# [Assigned task]
Exactly the lines from the one with "Ретро-альбом фотографий города." through the final line of the entries, and nothing else, should appear in the answer; no pictures go in it.

# [Records shown]
- - -

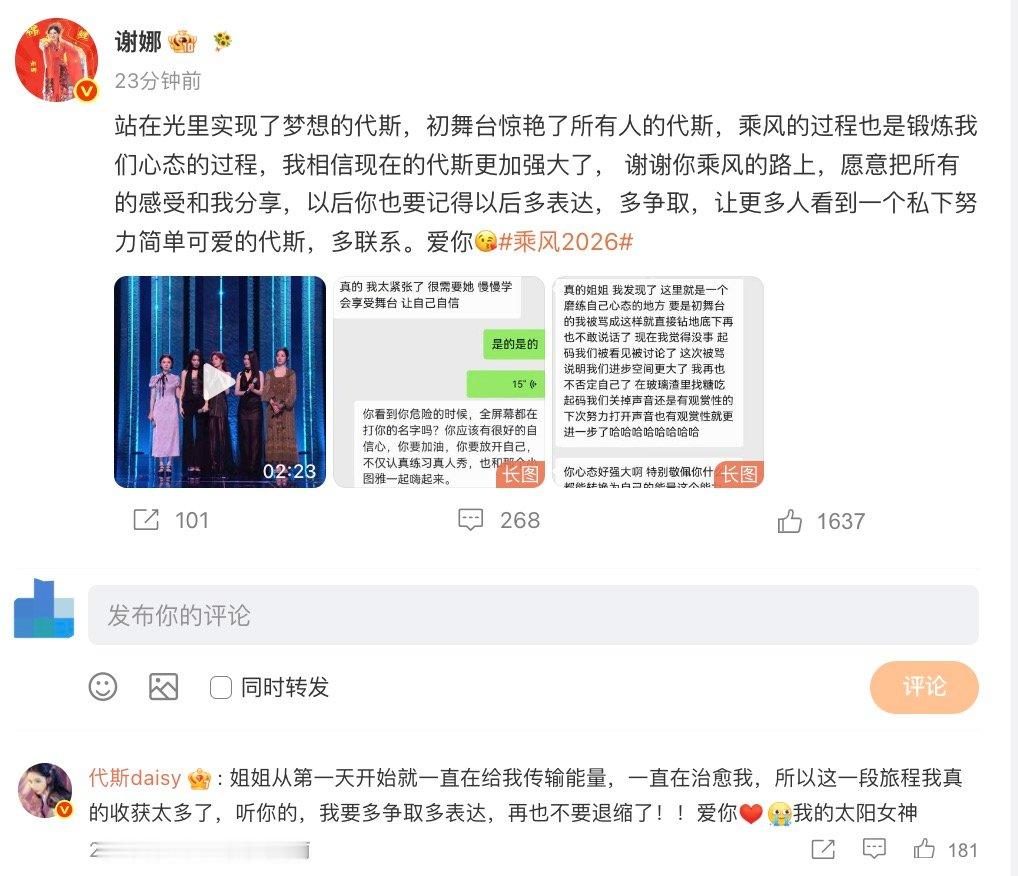 【代斯回复谢娜，代斯说谢娜一直在治愈她】6月8日，发文鼓励代斯，对此， 在评论区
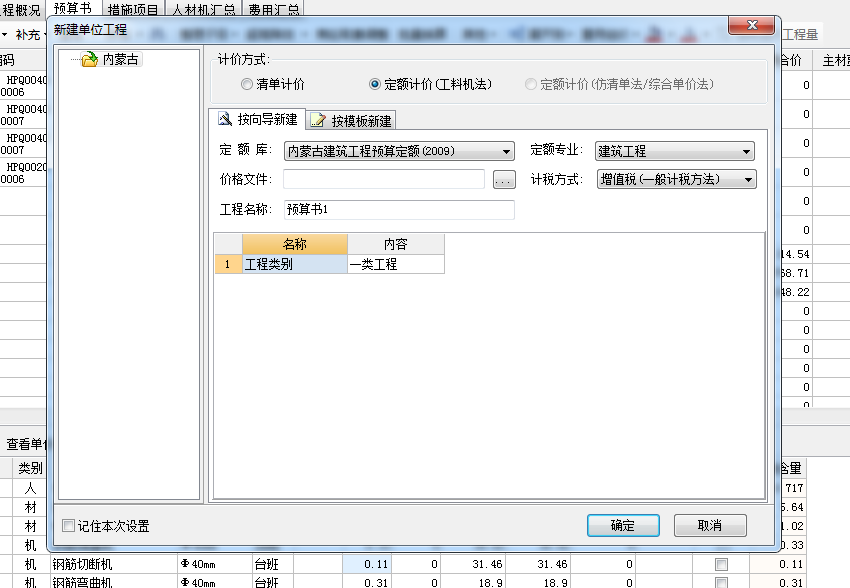 新建单位工程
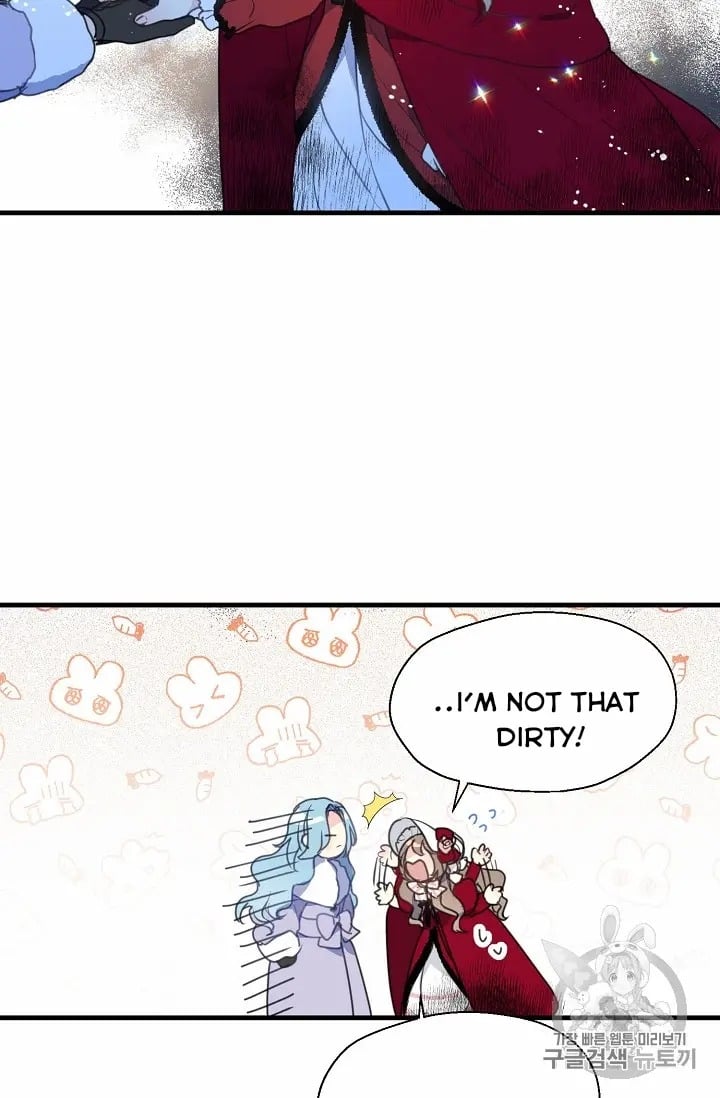 Your Majesty, Please Don’t Kill Me Again Chapter 13 page 15
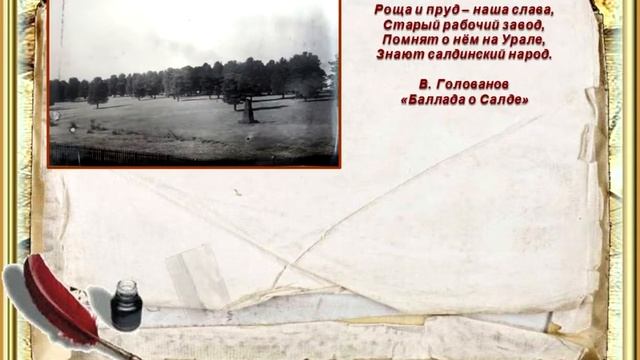 "Память о прошлом город хранит..." Ретро-альбом фотографий города.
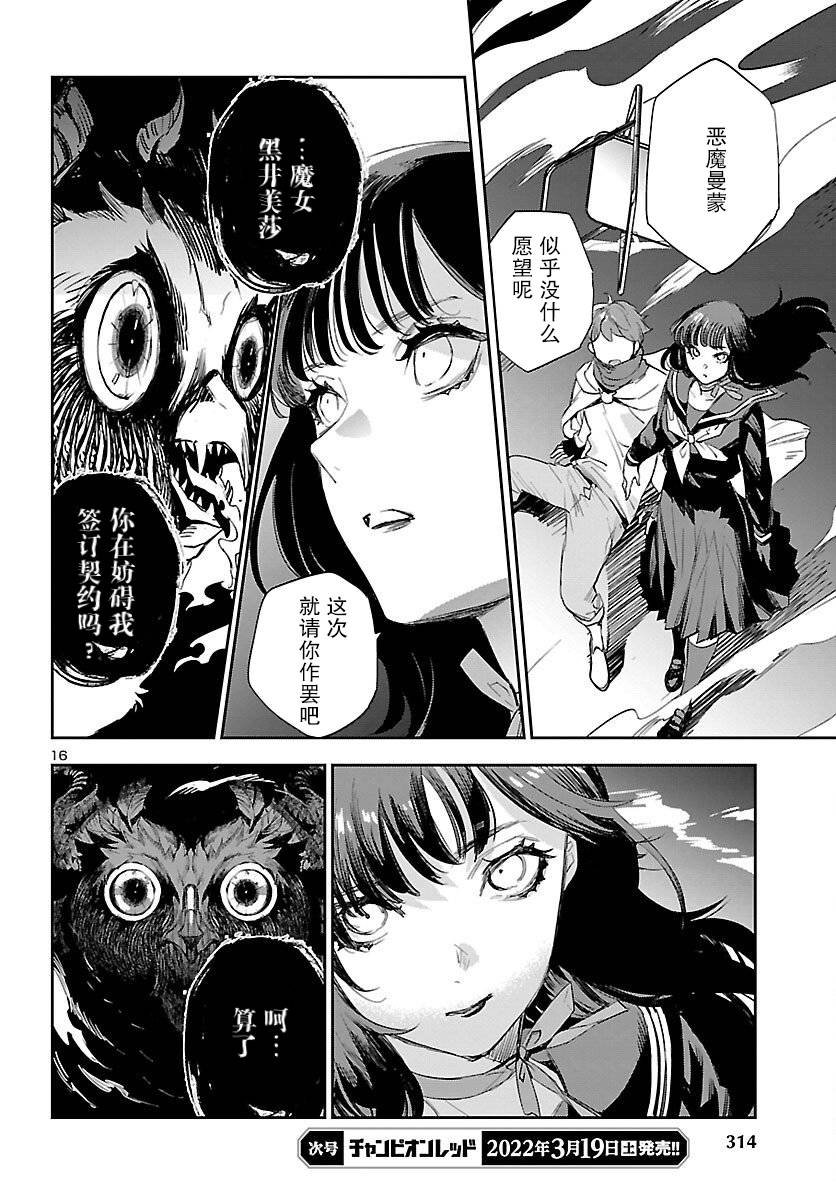 第20话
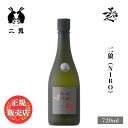 ＼正規販売店／ 二狼 にろう niro 2025 720ml 日本酒 お酒 酒 SAKE 愛知県 丸石醸造 美好屋酒店 有名 人気 飲みやすい ギフト プレゼント お祝い 贈り物 誕生日 退職祝い 結婚祝い 還暦祝い 内祝い 手土産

- - -

# [Response to this exercise]
 "Память о прошлом город хранит..." Ретро-альбом фотографий города.
 第20话
 ＼正規販売店／ 二狼 にろう niro 2025 720ml 日本酒 お酒 酒 SAKE 愛知県 丸石醸造 美好屋酒店 有名 人気 飲みやすい ギフト プレゼント お祝い 贈り物 誕生日 退職祝い 結婚祝い 還暦祝い 内祝い 手土産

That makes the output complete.